Billy Ray Cyrus is writing a long-awaited memoir called Hillbilly Heart Discarded titles include Hillbilly Hair, Hillbilly Hot Tub and Hillbilly Who Lucked Out in the Daughter Department.
PETA is upset because Liam Neeson ate wolf-meat jerky while making the movie The Grey Good thing they don't know about his shameful predilection for panda pancakes.
Beyoncé and Jay-Z's daughter has six nannies One feeds, one changes diapers, one rocks the cradle, one sings lullabies, one rattles the rattle and one records all cries and gurgles for future remix use.
A new book claims that the Queen carries the following in her handbag: A mirror, a few bills for the church donation basket, lipstick, glasses, pen and mints Things Prince Charles carries in his wallet: an uneasy mix of joy over his mother still being alive and a constantly seething resentment over his mother still being alive.

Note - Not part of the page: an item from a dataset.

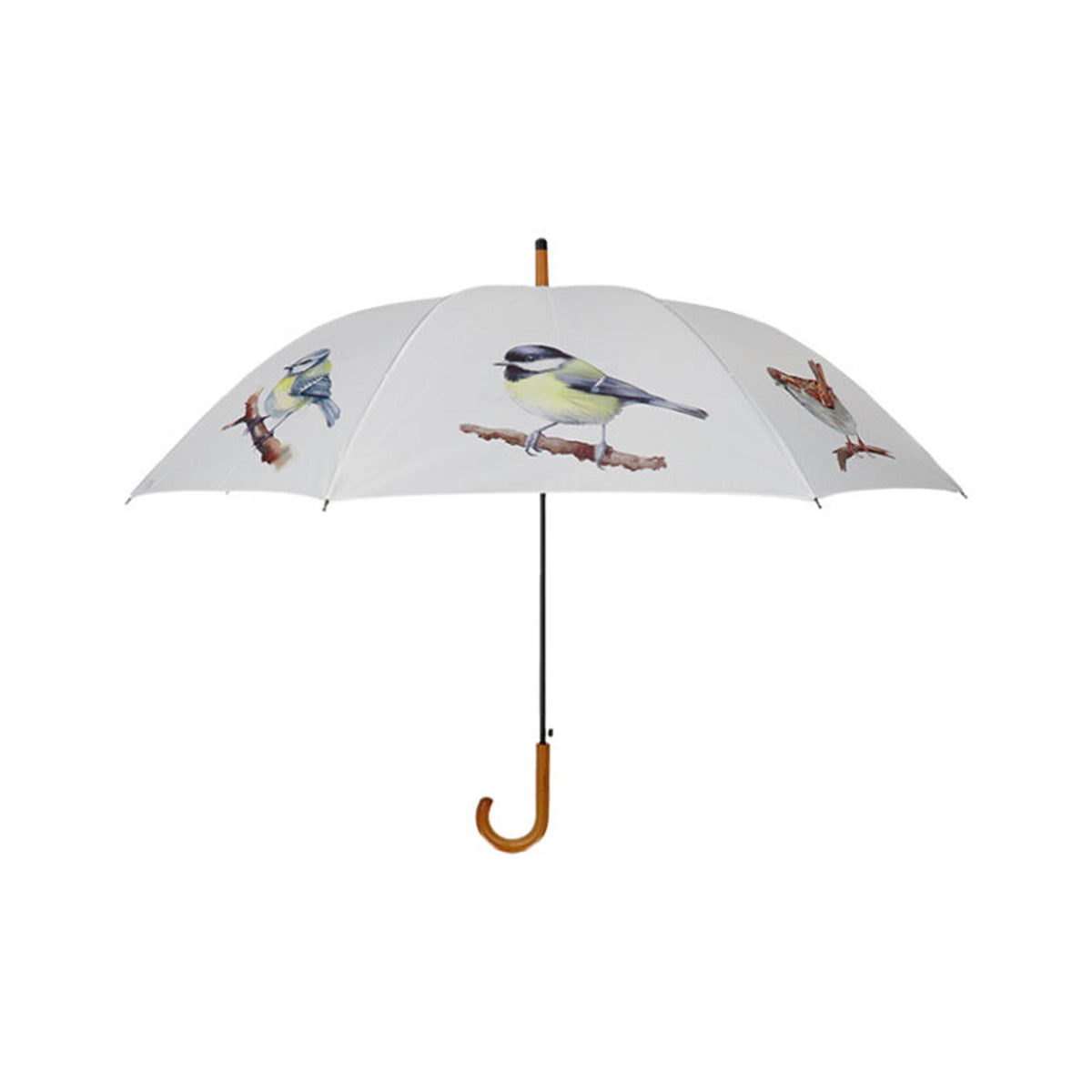 Esschert Design Regenschirm Aquarell Vögel 119,5x119,5x96,0 cm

Neil Patrick Harris and David Burtka refuse to talk baby talk to their kids Says Beyoncé, "quick, someone hire a nanny to not talk baby talk to the baby."

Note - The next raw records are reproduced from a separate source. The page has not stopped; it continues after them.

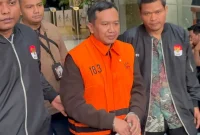 Anggota DPRD Provinsi Jawa Timur periode 2024–2029, Moch. Mahrus, saat ditahan KPK (Istimewa - gaudajatim.com)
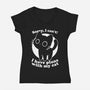 I Like Cats Not People-Womens-V-Neck-Tee-Studio Mootant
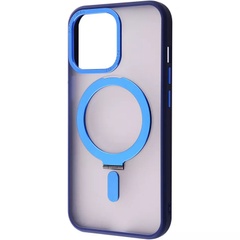 TPU+PC чохол WAVE Attraction case with Magnetic Safe для Apple iPhone 13 Pro Max (6.7"), Blue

The mansion used in American Horror Story is for sale for $17 million It comes with a double garage, brand-new washer and dryer and the sure knowledge that you will never, ever be able to have a good night's sleep no matter how many times you tell yourself it was only a TV show.

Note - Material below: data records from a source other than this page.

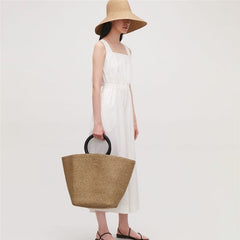 Boho Bag, Woven Straw Handbag, Andres Bag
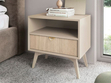 Nachttisch mit Schublade Modena Beige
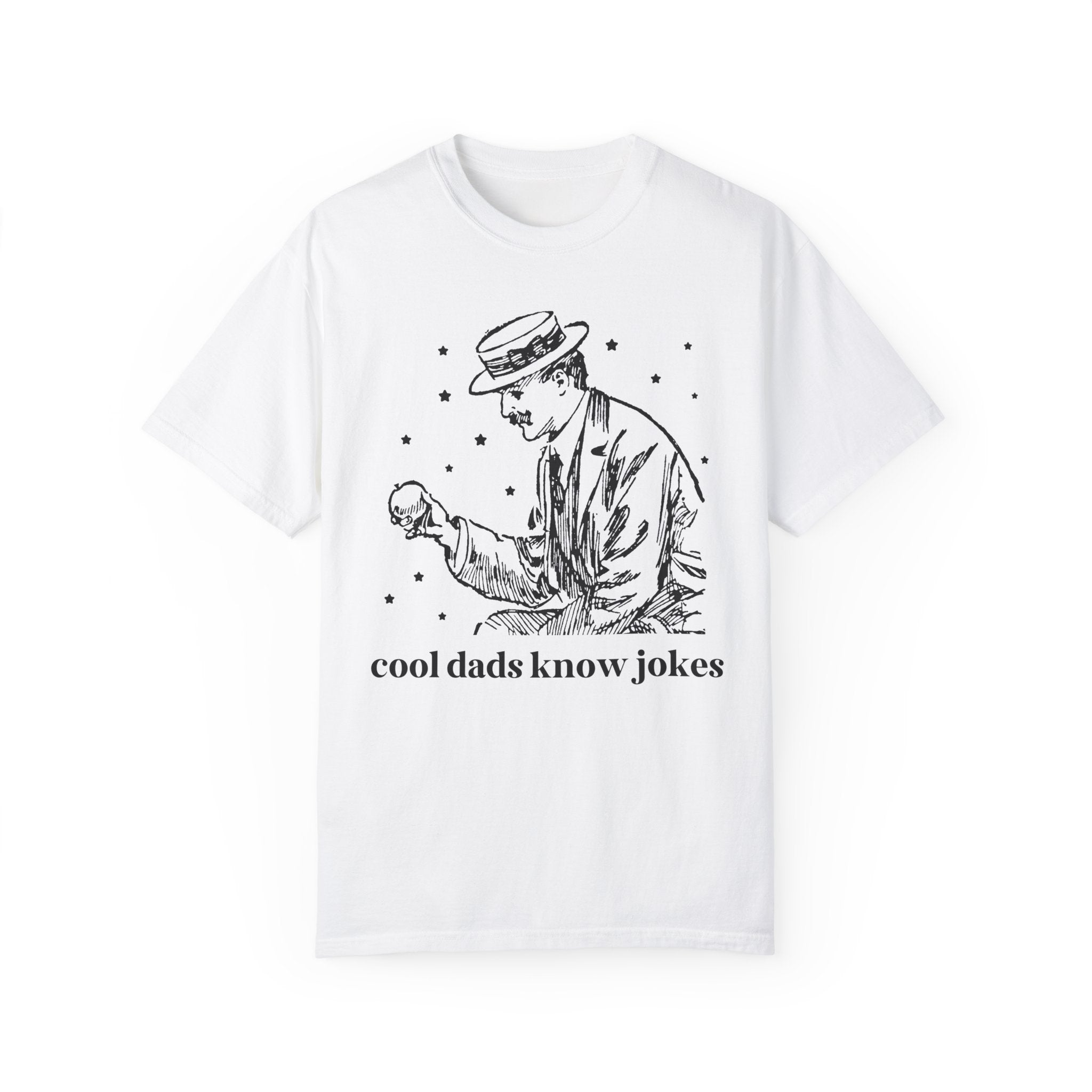 Funny Father's Day Gift for Silly Dad or Grandpa: Cool Dads Know Jokes, Funny Saying T-Shirt with Stars, Gift for Husband, Y2K Aesthetic - Opal and June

Kanye West's new concert rider specifies that his limo drivers may not wear suits made from any man-made fibres It further asks that wolf-meat sandwiches, served in replicas of the Queen's handbag, be available at all times.
Robert Pattinson says that without Twilight no one would "give a bleep about him" Awww ... . Don't be silly. That's not true at all. It's possible your mother would love you.
Police are called in to break up a noisy get-together at the house of Glee's Cory Monteith [I dare you to come up with something that doesn't include the phrase, "he and his friends were probably rehearsing a mash-up for regionals." - vindictive ed.]
Zac Efron and Lily Collins are reportedly dating Hmm ... not sure that's true. Let's look at the evidence. 1) Lily has her Snow White movie to promote. 2) Zac has his movie, The Lucky One, to promote. 3) Yup. Seems legit.
Conspiracy theorists claim that Madonna's half-time show was carefully crafted Illuminati propaganda Enough already. Next they'll tell us there's something sinister behind her new song, "Like an All-Seeing Eye Looking at Mind-Controlled Slaves from a Golden Pyramid."